PROBLEM DETAILS - Quote word for word the lines below, beginning with the first and ending with the one that has "((8K, HDR, Best". Drop the pictures.

EXTRACTED DATA -
*** Begin section ***

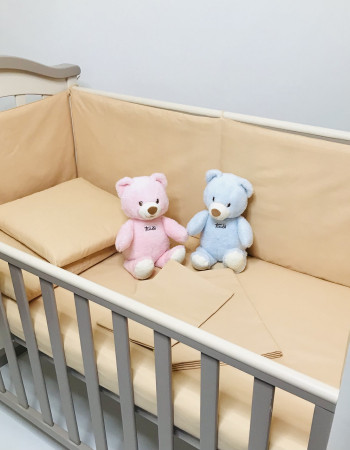 Бортики захист в дитяче ліжко Золотисті бязь Penetka 120x40, 60x40 см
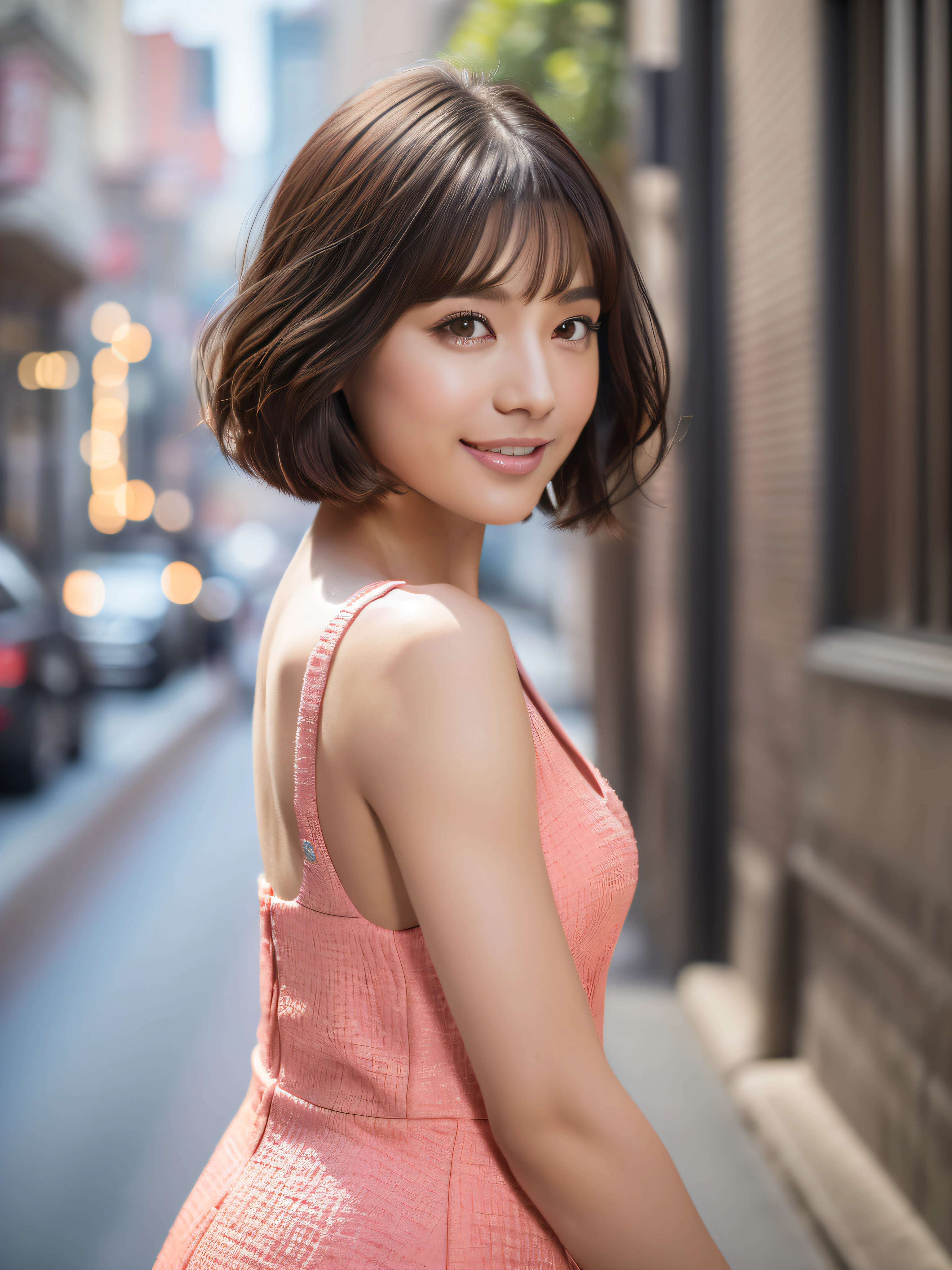 ((8K, HDR, Best Quality, Masterpiece: 1.3, Hi-Res)), ((Photography, RAW Photography, Hyper-Realism, Ultra High Definition)))), (Pin Light, Backlight, Cinematic Light), Sharp Focus: 1.4, Fine Detail, Sharp Focus: 1.2, Beautiful Woman in Perfect Style: 1.4, Slender Abs: 1.2, ((Dark Brown Bob Cut, Small: 1.2)), Smiled Smile, (Coral Pink Dress: 1.1), Street: 1.2, Highly Detailed Face and Skin Texture, Detailed Eyes, Double Eyelids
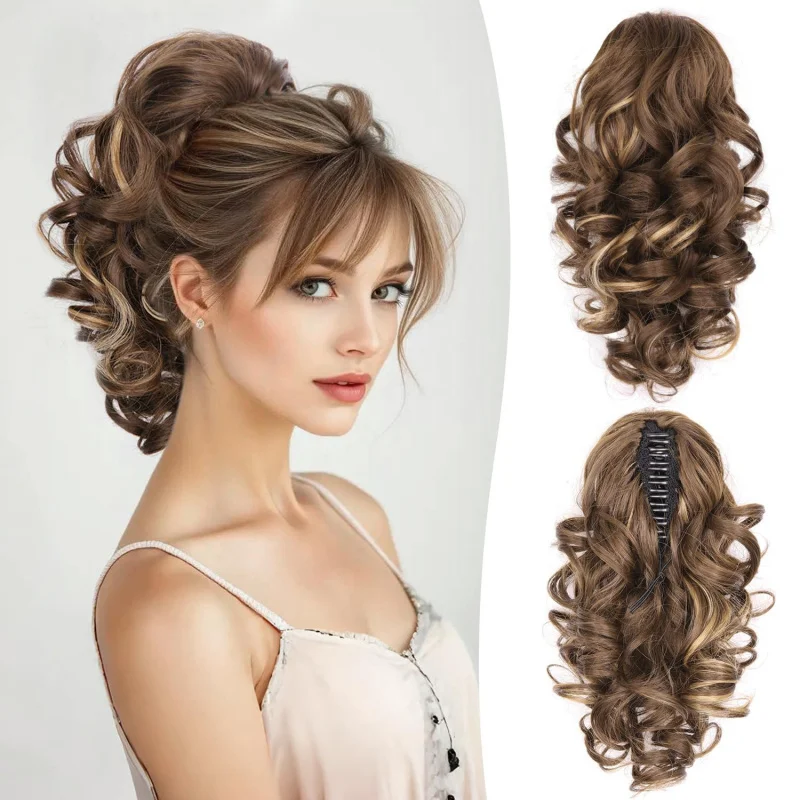 European and American 16inch Wavy Clip-on Synthetic Hairpiece Fluffy Curly Ponytail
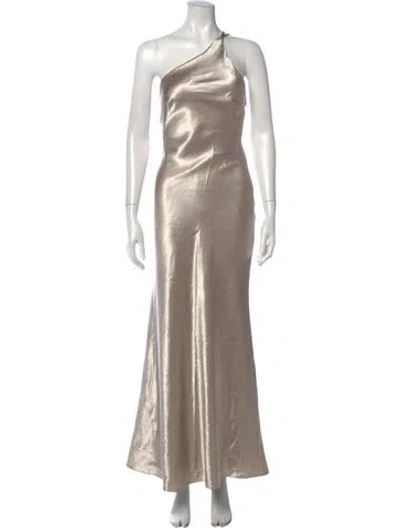 Pre-owned Galvan One-shoulder Long Dress In Neutrals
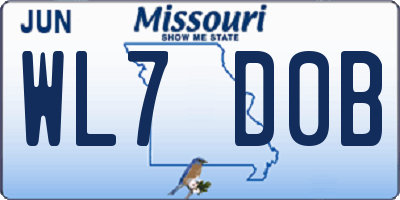 MO license plate WL7D0B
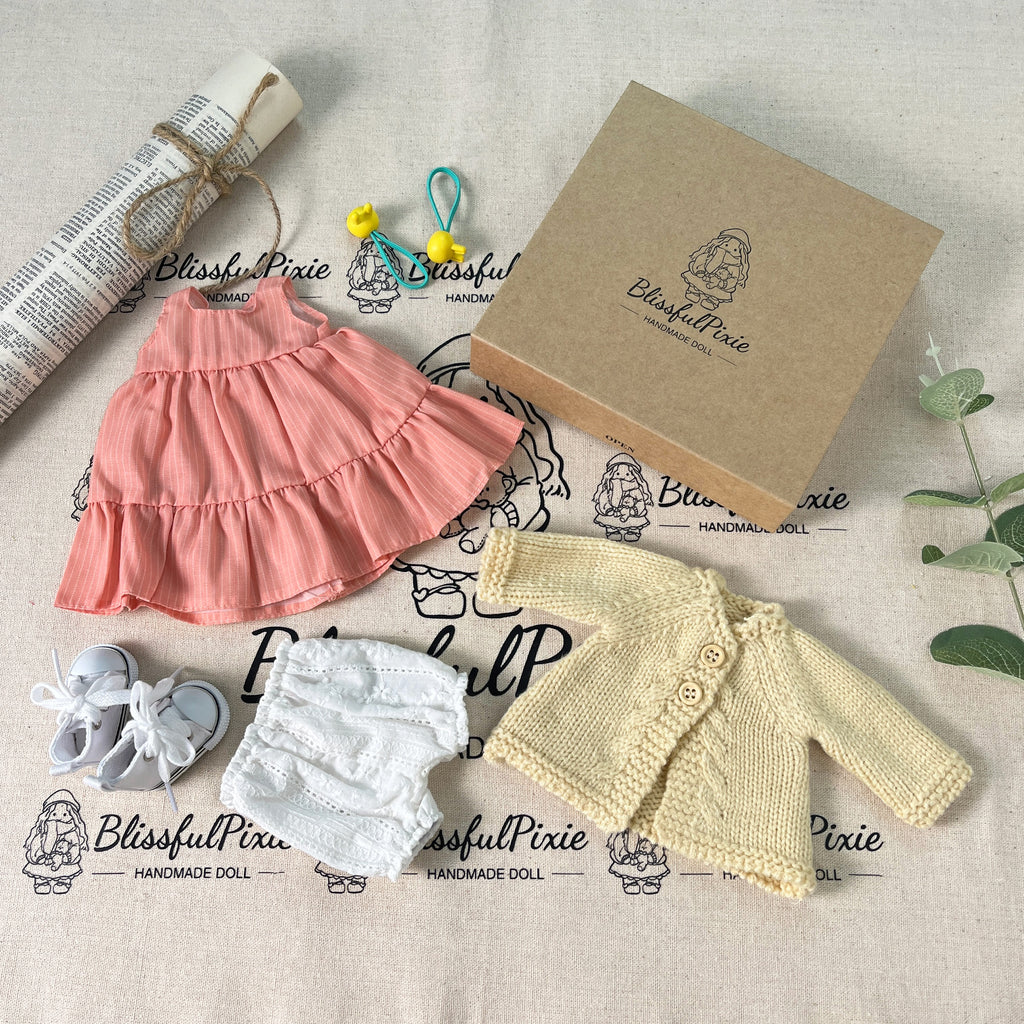 BlissfulPixie 12" Waldorf Handmade Doll Clothing Set Baby Girl Clothes Washable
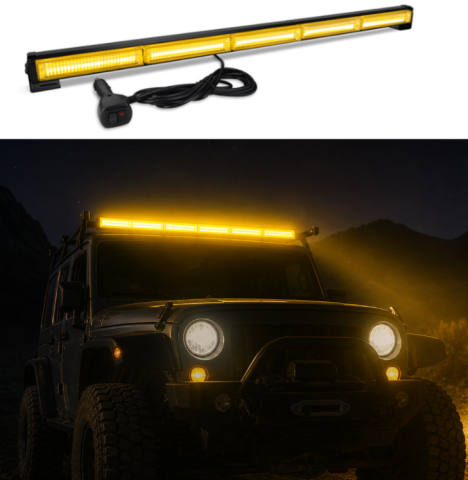 Girofar si Lumini avertizare - Bară Girofar LED BZRSH 75 cm, 5 Module COB, 12-24V – Avertizare Puternică pentru Auto și Utilaje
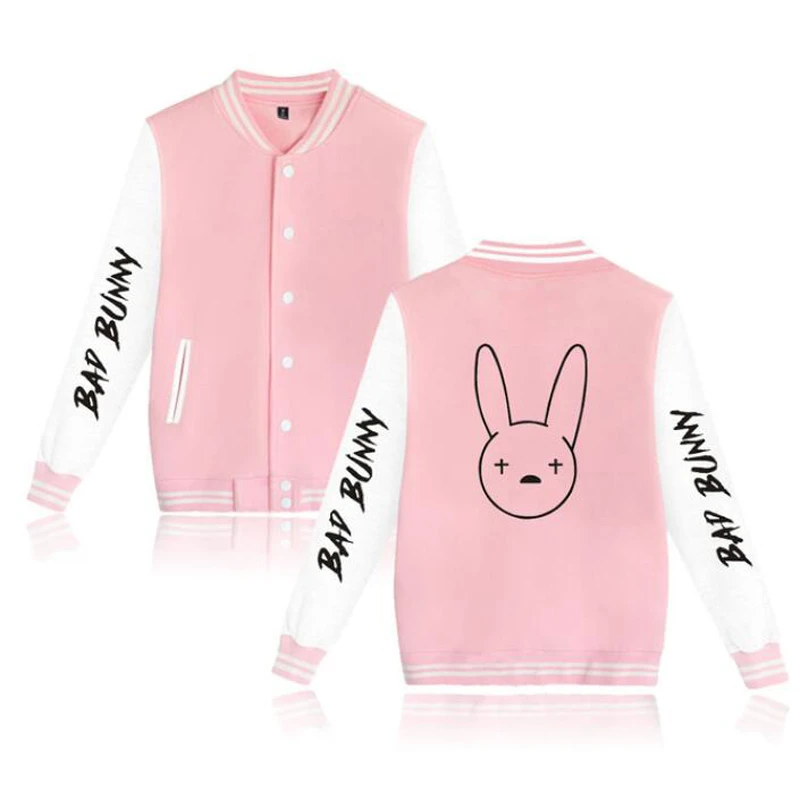 Uniforme de chaqueta de béisbol Bad Bunny para hombre, ropa calle, sudadera de gran tamaño de Hip Hop, Sudadera con capucha de Bad Bunny, ropa deportiva informal, 2022| | - AliExpress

*** End section ***

WRITTEN RESPONSE -
 Бортики захист в дитяче ліжко Золотисті бязь Penetka 120x40, 60x40 см
 ((8K, HDR, Best Quality, Masterpiece: 1.3, Hi-Res)), ((Photography, RAW Photography, Hyper-Realism, Ultra High Definition)))), (Pin Light, Backlight, Cinematic Light), Sharp Focus: 1.4, Fine Detail, Sharp Focus: 1.2, Beautiful Woman in Perfect Style: 1.4, Slender Abs: 1.2, ((Dark Brown Bob Cut, Small: 1.2)), Smiled Smile, (Coral Pink Dress: 1.1), Street: 1.2, Highly Detailed Face and Skin Texture, Detailed Eyes, Double Eyelids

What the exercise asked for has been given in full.